Colleagues demand release of jailed journalists on 200th day of Cumhuriyet arrests
AFP photoJournalists staged protests in Istanbul and Ankara to demand the release of daily Cumhuriyet journalists, executives and employees on the 200th day of their arrest on May 18.
Demonstrators gathered in front of the Çağlayan courthouse in Istanbul and made a press statement demanding “freedom for the truth,” while holding pictures of the jailed journalists.
The Turkish Journalists Association (TGC), the Journalists Union of Turkey (TGS), DİSK Basın-İş, as well as relatives of the arrested journalists and executives, participated in the demonstration and opened a banner reading “Freedom for journalists.”
DİSK Basın-İş head Faruk Eren was the first to make a statement, saying Cumhuriyet’s employees were detained in raids on their houses and noting that they had been deprived of their freedom for 200 days.
“This is what we call the hypocrisy of justice. We, as journalists, are making a statement here because the number of jailed journalists is increasing day by day,” Eren said, adding that nearly 160 journalists are in jail in Turkey.
TGC General Secretary Sibel Güneş said journalists in Turkey “cannot express themselves.”
“Those who express themselves are in jail. We want the release of our colleagues, who didn’t sell out their conscience, mind and pen to anybody, but are on duty only for the right of people to obtain information,” Güneş added.
Another name who spoke during the demonstration was journalist Ertuğrul Mavioğlu, describing the situation as “ridiculous.”
“They deprive our friends from receiving letters and reading books. Those who oppress them will one day be held accountable,” Mavioğlu said, describing the recent arrest of Cumhuriyet’s web chief Oğuz Güven as “the point where words fail.”
Güven was arrested on charges of “making propaganda of a terrorist organization,” following a tweet that was deleted 55 seconds after it was shared on Cumhuriyet’s official Twitter account regarding the death of a chief public prosecutor. The prosecutor had been the first to launch an investigation into the July 15, 2016 failed coup attempt, widely believed to have been masterminded by followers of the U.S.-based Islamic preacher Fethullah Gülen.
Ten of Cumhuriyet’s journalists, cartoonists and executives have been under arrest for 200 days, while renowned journalist Ahmet Şık has been inside for 139 days, accountant worker Emre İper for 42 days, and Güven for four days.
In the capital, another protest was held in front of the Ankara courthouse with the participation of lawyers and main opposition Republican People’s Party (CHP) Istanbul deputy Mahmut Tanal.
After lawyer Murat Yılmaz gave a speech on behalf of the Contemporary Lawyers Association, the demonstrators wanted to do a sit-in protest for a while. However, police officers circled the lawyers and told them that they would intervene if they did so.

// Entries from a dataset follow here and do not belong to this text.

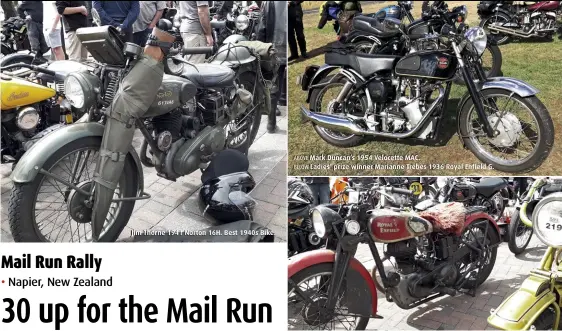  ??  ?? Jim Thorne 1941 Norton 16H. Best 1940s Bike. ABOVE Mark Duncan’s 1954 Velocette MAC. BELOW Ladies’ prize winner Marianne Trebes 1936 Royal Enfield G.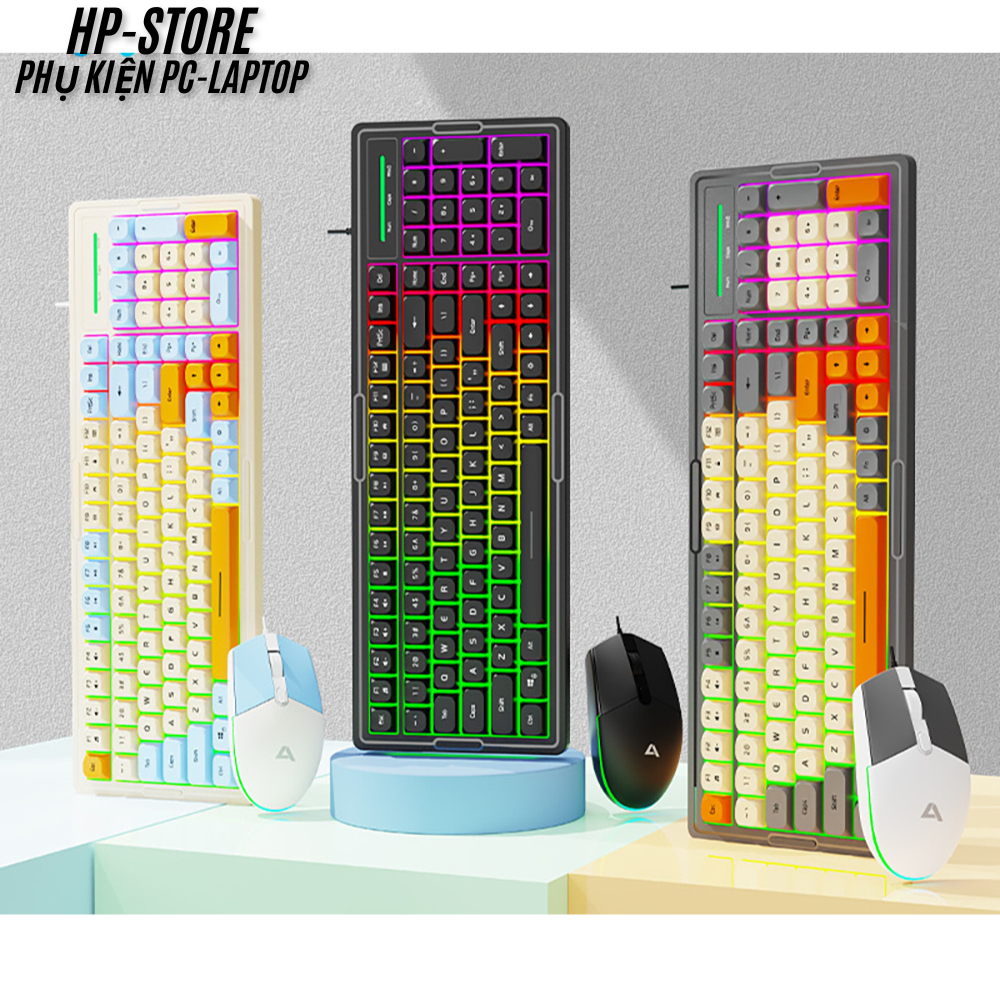 Combo Bàn Phím + Chuột giả cơ Led ASESTEK KM2000 Pro Có Dây USB/ Phù hợp mọi nhu cầu - BH 12T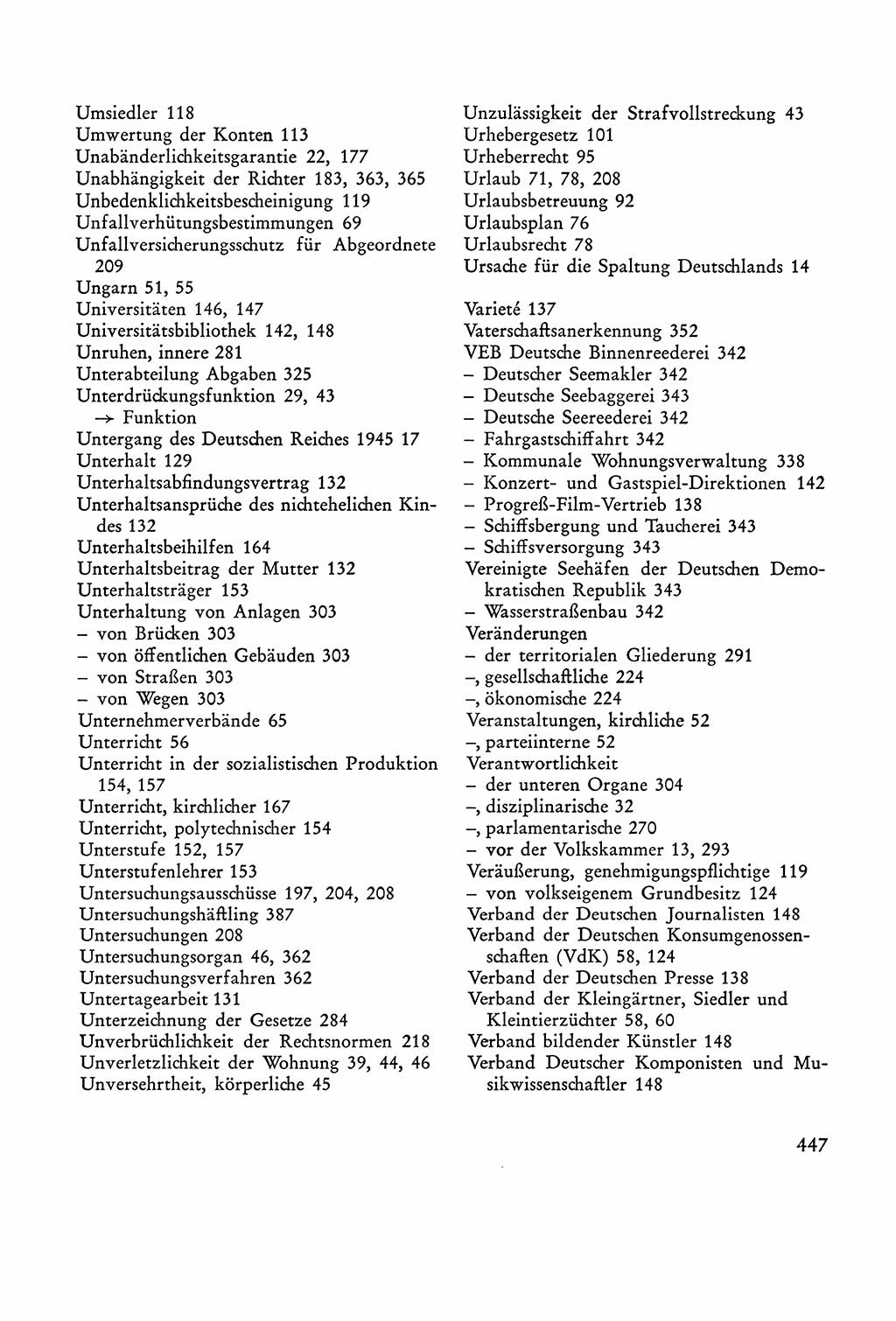 Verfassung der Sowjetischen Besatzungszone (SBZ) Deutschlands [Deutsche Demokratische Republik (DDR)], Text und Kommentar [Bundesrepublik Deutschland (BRD)] 1962, Seite 447 (Verf. SBZ Dtl. DDR Komm. BRD 1962, S. 447)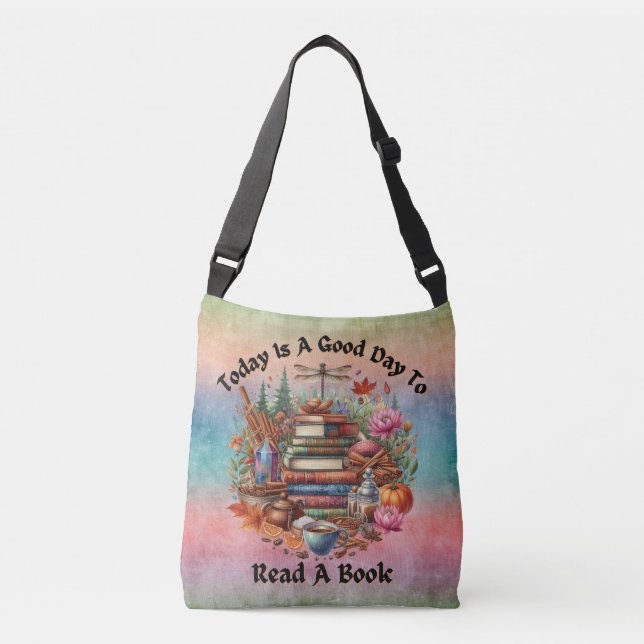 Cottagecore, Woodlands, Dragonfly, Books, Crossbody Bag (Front)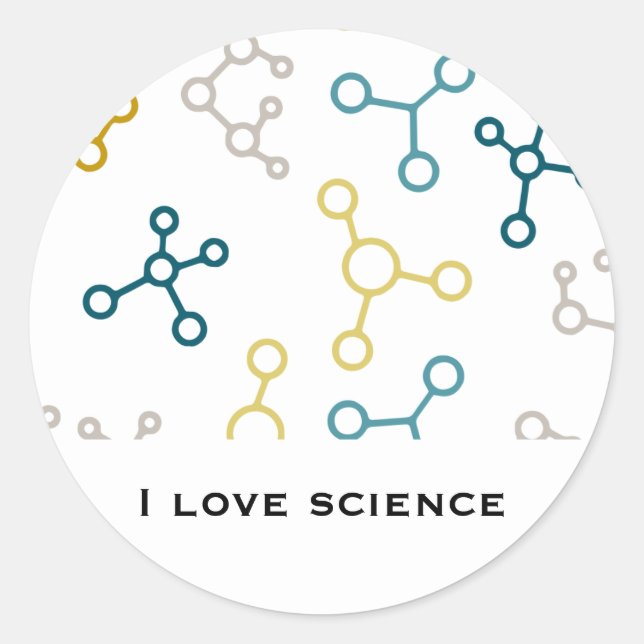 Sticker Rond Blue Yellow Science Molecules papeterie personnell (Devant)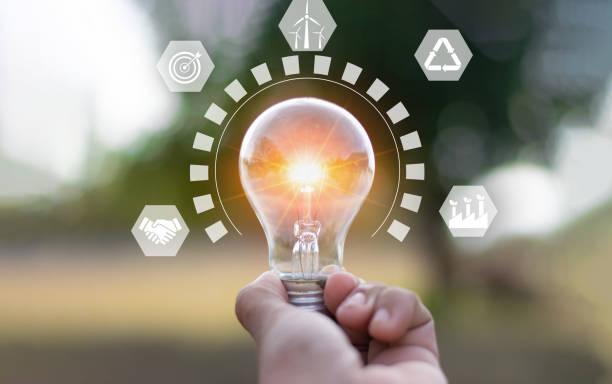 istock Lighting concept reducing CO2 emissions for the environment global warming sustainable development and green enterprises from renewable energy. 1878702261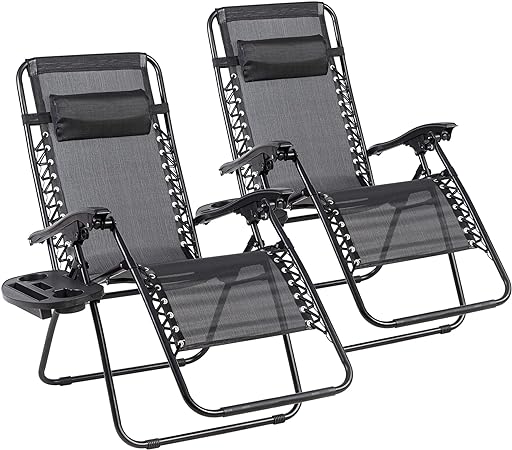 X-Haibei 2 Set Zero Gravity Chairs, Outdoor Folding Chairs, Adjustable Lawn Lounge Chair with Tray and Pillow for Camping Patio Yard Poolside Backyard 350 Lbs Black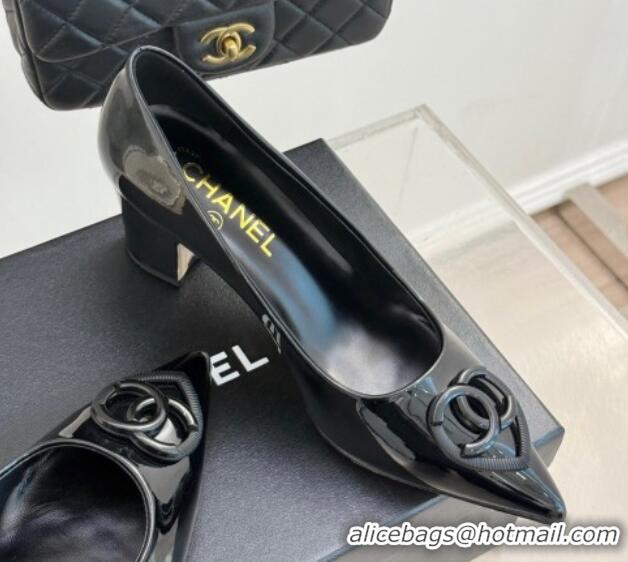 Shop Duplicate Chanel Patent Calfskin Leather Pumps 5cm with CC Heart Black 0103051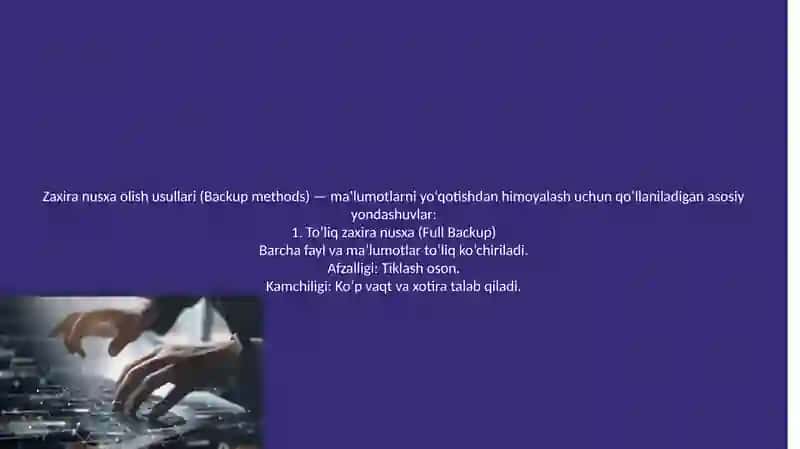 Zaxira nusxa olish usullari 2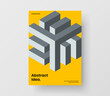 Multicolored company cover A4 design vector illustration. Modern geometric hexagons postcard concept.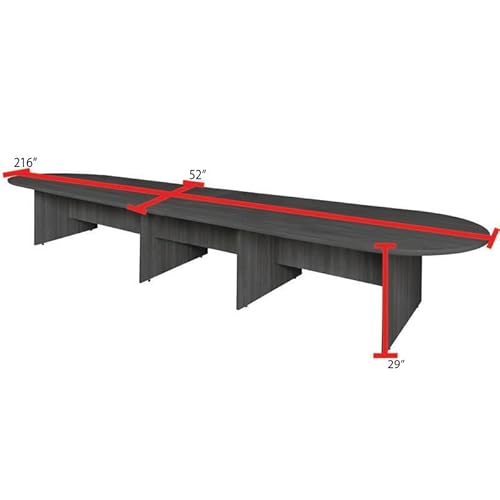 Regency Legacy 18 ft Racetrack Laminate Conference Table with 2 Charging Ports- Noble Oak Regency Seating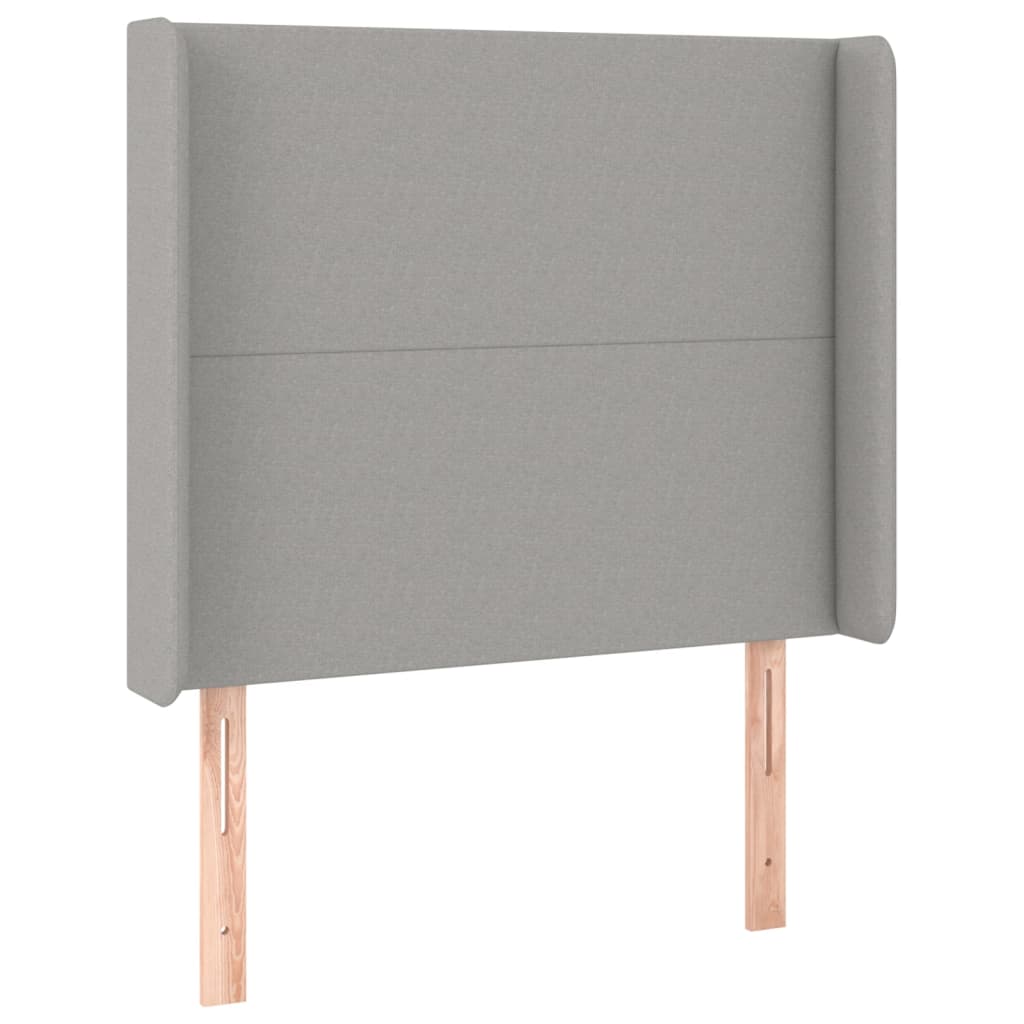 Krevet box spring s madracem LED svjetlosivi 100x200 cm tkanina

Tanal, in return, spoke to the security officials but could not obtain any result.
“I didn’t have the intention to sit down but I will do so too,” he said as police started to make preparations to disperse the demonstrators.
A brawl erupted after police and private security refused to allow lawyers to enter the courthouse as a group and tension rose further after a security officer reportedly pushed Tanal.